Nikolaus Schneider, der Kur-Prediger von Prerow

Drei Wochen lang hat der ehemalige EKD-Ratsvorsitzende hat auf dem Darß gearbeitet – als Kurprediger. Bei einem Gemeindenachmittag sprechen Schneider und seine Frau Anne über Gott, den Tod und die Harmonie in einer langen Ehe.

Anne und Nikolaus Schneider vor dem Gemeindehaus von Prerow
Anne und Nikolaus Schneider vor dem Gemeindehaus von PrerowSybille Marx

Prerow. Nun fängt sie wieder damit an!

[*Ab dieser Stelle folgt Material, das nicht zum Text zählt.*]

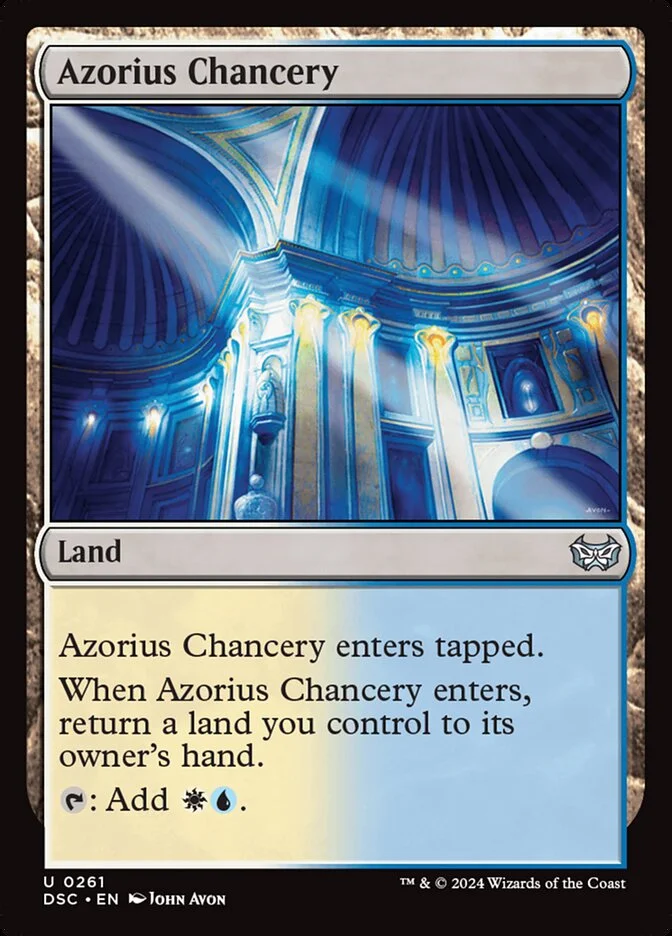 Azorius Chancery 「DSC/261」「EN」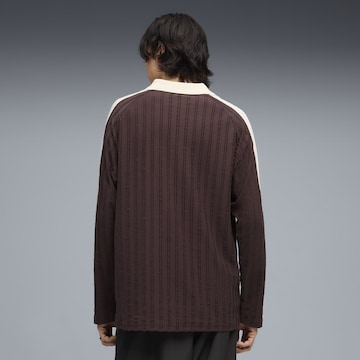 T-Shirt 'T7' PUMA en marron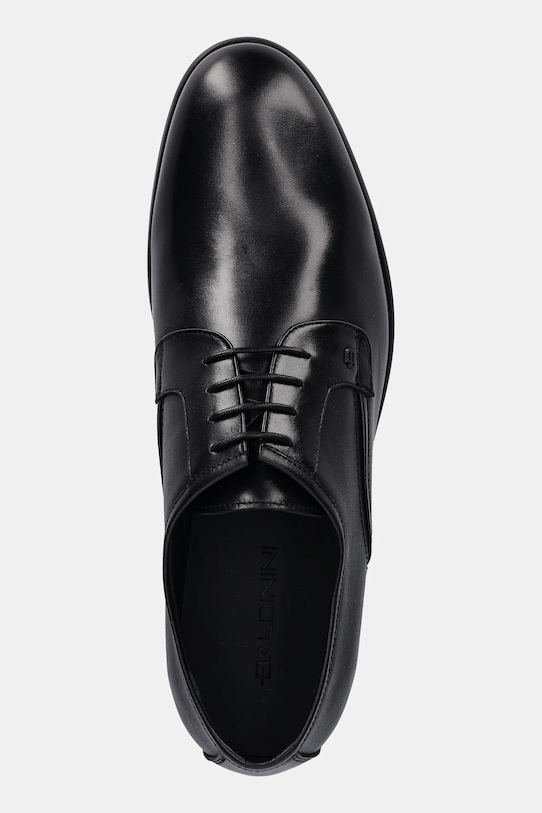 Baldinini półbuty skórzane czarny U6B003P1VITE.0000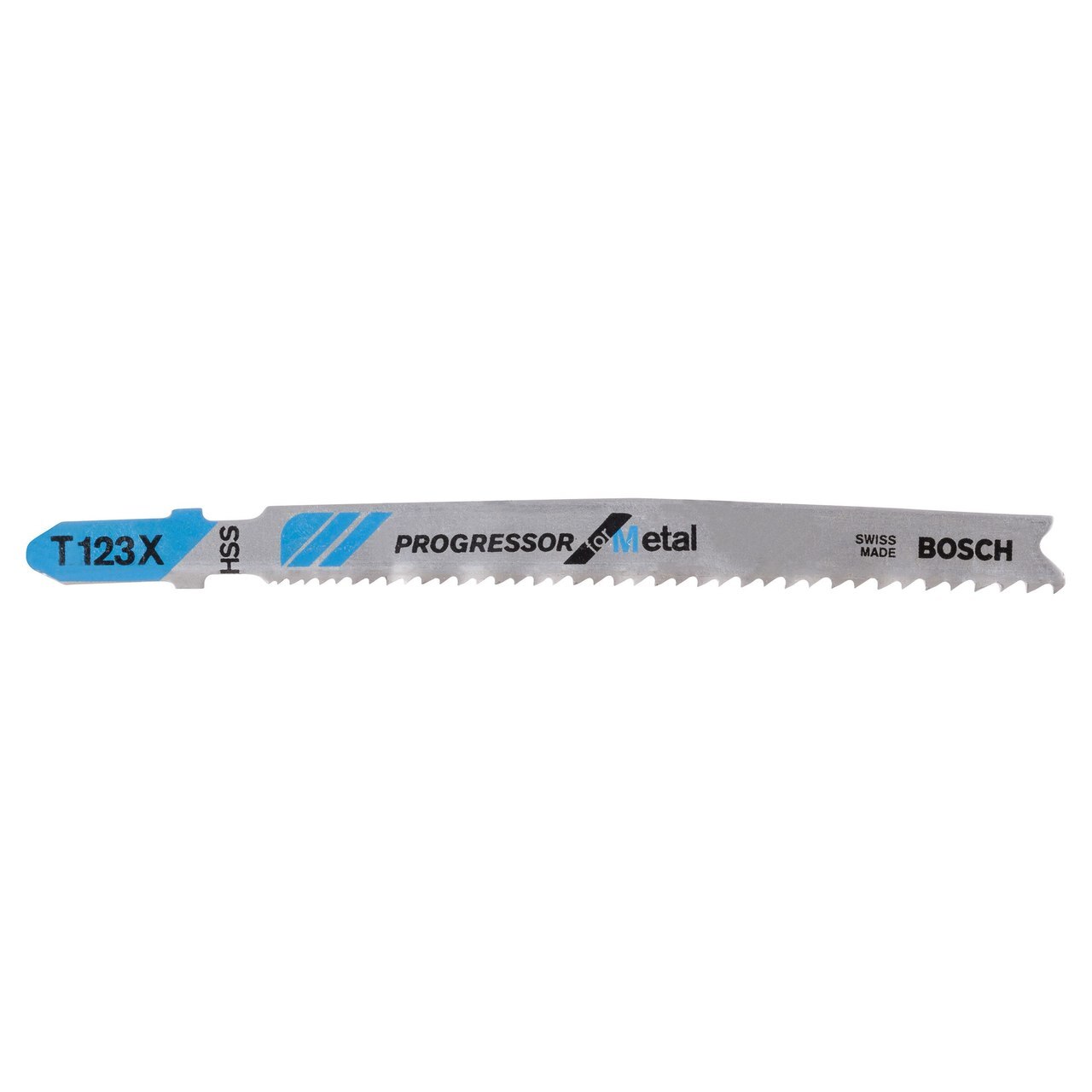 Bosch T123X многоцелеви стомана Рязане 1.5 - десетмм моторен трион ножове (5 Pack)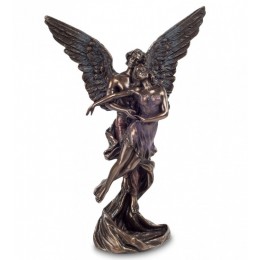 Статуэтка Veronese "Ангел и девушка" (bronze)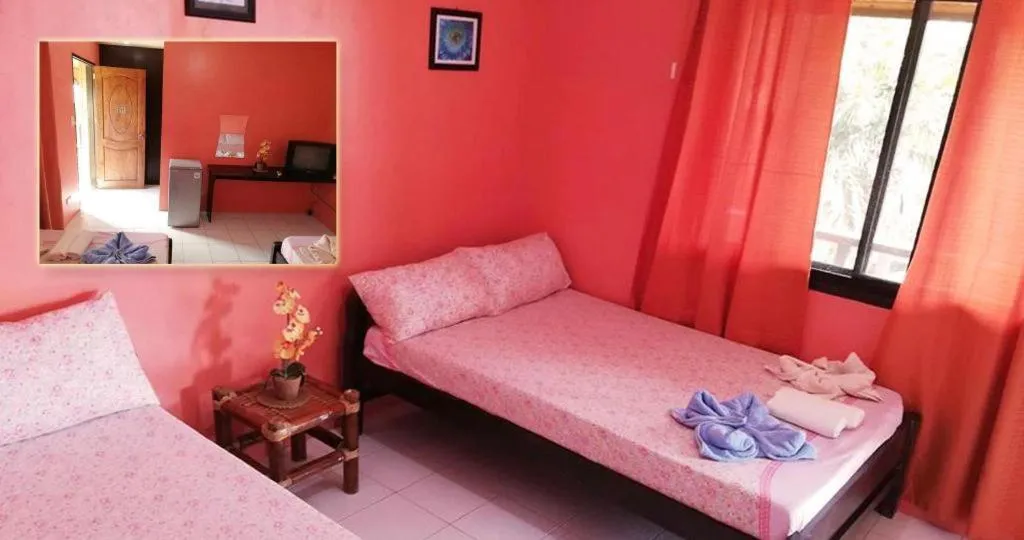 Bed in Boracay Actopia Resort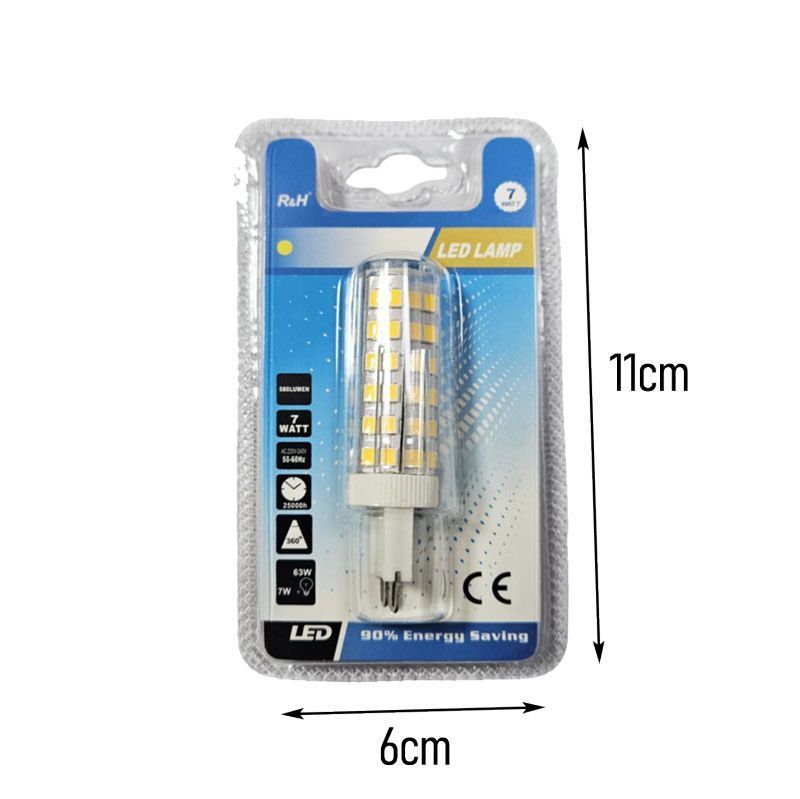 Λάμπα LED G9 7W 580Lumen – LED Bulb G9 - Image 2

Nikolaus Schneider, der ehemalige Ratsvorsitzende der Evangelischen Kirche in Deutschland (EKD), rollt mit den Augen. Gerade hat seine Frau Anne, die ehemalige Religionslehrerin mit dem wachen Blick und dem streitlustigen Mundwerk, wieder so einen Satz gesagt: Dass sie, wenn die Ärzte bei ihr im Juni feststellen würden, dass der Brustkrebs zurück sei und keine Chemo ihn auf Dauer vertreiben könnte – dass sie dann ihr Leben selbst beenden wolle.
„Ich glaube, dass mein Gott mir diese Freiheit gegeben hat“, sagt sie fest. Und weiß, dass ihr Mann es anders sieht. Schneider betrachtet den Zeitpunkt des Todes als ein „Tabu“, als etwas Unverfügbares, das der Mensch nicht anrühren darf.
Nikolaus und Anne Schneider. Vor etwa eineinhalb Jahren sorgten der damals noch oberste Repräsentant der rund 23 Millionen Protestanten in Deutschland und seine Frau für Schlagzeilen mit ihren Ansichten zur Sterbehilfe, jetzt sitzen die beiden Ruheständler im lichtdurchfluteten Gemeindehaus der evangelischen Kirche in Prerow auf dem Darß. In den vergangenen drei Wochen hat Schneider hier als Kurprediger gewohnt und gearbeitet, den Ortspastor entlastet, Gottesdienste und Vorträge gehalten, als Seelsorger mit Urlaubern und Anderen Gespräche geführt – und gerade eben einen Gemeindenachmittag mit seiner Frau gestaltet. Das Thema: Hoffnung in der Hoffnungslosigkeit.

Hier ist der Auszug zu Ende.